Ten, kto starał się o uzyskanie świadczenia alimentacyjnego od osoby, która nie jest zainteresowana realizacją tego obowiązku wie, że trzymanie w ręce prawomocnego wyroku sądowego nie zawsze jest końcem drogi. Niejednokrotnie na osobach zobowiązanych do świadczeń alimentacyjnych nawet prawomocny wyrok nie jest przyczynkiem do zmiany postawy. Wtedy trzeba się zastanowić, jakie kroki można i należałoby podjąć w stosunku do takiego opornego zobowiązanego. Niealimentacja, czyli uchylanie się od obowiązku alimentacyjnego, stanowi w polskim prawie przestępstwo i jest surowo karana. W polskim Kodeksie karnym znajdziemy przepisy, które mają na celu przeciwdziałanie tego rodzaju naruszeniom, zapewniając ochronę osobom uprawnionym do alimentów, zazwyczaj, choć nie wyłącznie – dzieciom zobowiązanego.
Na czym polega przestępstwo niealimentacji?

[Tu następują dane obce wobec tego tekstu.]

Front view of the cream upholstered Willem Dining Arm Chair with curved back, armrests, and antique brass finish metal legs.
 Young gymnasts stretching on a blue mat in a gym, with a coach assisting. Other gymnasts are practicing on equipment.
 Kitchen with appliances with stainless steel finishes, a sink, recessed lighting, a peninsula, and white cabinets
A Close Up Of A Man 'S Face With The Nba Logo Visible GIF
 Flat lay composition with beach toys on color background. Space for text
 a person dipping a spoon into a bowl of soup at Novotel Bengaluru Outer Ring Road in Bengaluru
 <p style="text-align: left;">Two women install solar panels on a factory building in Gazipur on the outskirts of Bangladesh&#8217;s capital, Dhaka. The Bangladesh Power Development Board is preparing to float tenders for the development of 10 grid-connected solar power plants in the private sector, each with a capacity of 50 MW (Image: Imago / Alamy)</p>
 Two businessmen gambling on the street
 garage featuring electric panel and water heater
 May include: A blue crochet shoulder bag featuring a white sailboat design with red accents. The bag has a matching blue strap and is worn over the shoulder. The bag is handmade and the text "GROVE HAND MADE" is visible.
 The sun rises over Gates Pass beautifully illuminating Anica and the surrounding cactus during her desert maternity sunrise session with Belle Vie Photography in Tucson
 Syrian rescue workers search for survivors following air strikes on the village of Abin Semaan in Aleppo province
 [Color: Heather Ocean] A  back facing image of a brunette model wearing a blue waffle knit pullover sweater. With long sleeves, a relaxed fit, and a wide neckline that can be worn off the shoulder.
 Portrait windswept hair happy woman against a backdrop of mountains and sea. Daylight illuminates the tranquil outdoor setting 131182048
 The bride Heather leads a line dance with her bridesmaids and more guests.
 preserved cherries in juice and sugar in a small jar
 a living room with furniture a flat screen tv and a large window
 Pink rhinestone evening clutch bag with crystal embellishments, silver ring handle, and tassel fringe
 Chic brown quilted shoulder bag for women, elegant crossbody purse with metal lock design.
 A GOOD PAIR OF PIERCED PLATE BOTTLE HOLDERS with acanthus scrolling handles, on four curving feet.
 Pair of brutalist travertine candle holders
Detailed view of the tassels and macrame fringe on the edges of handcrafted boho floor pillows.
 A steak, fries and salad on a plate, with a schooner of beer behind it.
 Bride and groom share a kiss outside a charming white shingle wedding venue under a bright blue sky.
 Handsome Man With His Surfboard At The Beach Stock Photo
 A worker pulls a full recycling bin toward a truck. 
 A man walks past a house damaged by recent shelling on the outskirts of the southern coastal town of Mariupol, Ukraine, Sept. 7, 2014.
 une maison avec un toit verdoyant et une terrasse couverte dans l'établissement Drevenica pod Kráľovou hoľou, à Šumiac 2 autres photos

Uchylanie się od alimentów w warunkach recydywy
Niejednokrotnie zdarza się, że zobowiązany do płacenia alimentów, który uparł się, że alimentów tych nie będzie płacił, nie zmienia swojego zachowania nawet po tym, jak zostanie prawomocnie skazany za to przestępstwo. Proceder nie alimentacji utrzymuje się i jest powtarzany miesiąc w miesiąc. Podkreślenie wymaga fakt, iż sprawca już skazany wyrokiem za uchylanie się od obowiązku alimentacyjnego, może zostać ukarany po raz kolejny. Znaczy to, że w praktyce można ponieść karę za każdy kolejny okres dopuszczenia się przestępstwa nie alimentacji. Karanie za to przestępstwo – odnośnie kolejnych okresów – może się więc powtarzać. Niemniej jednak, prawo dużo surowiej traktuje osoby, które po raz kolejny dopuszczają się popełnienia tego przestępstwa. Recydywa w zakresie uchylania się od alimentów wiąże się z surowszym zakresem odpowiedzialności – sąd może wobec takiego dłużnika orzec bezwzględne pozbawienie wolności bądź wymierzyć karę powyżej górnej, ustawowej granicy zagrożenia (powyżej dwóch lat). Sankcja ta może więc być bardzo dotkliwa.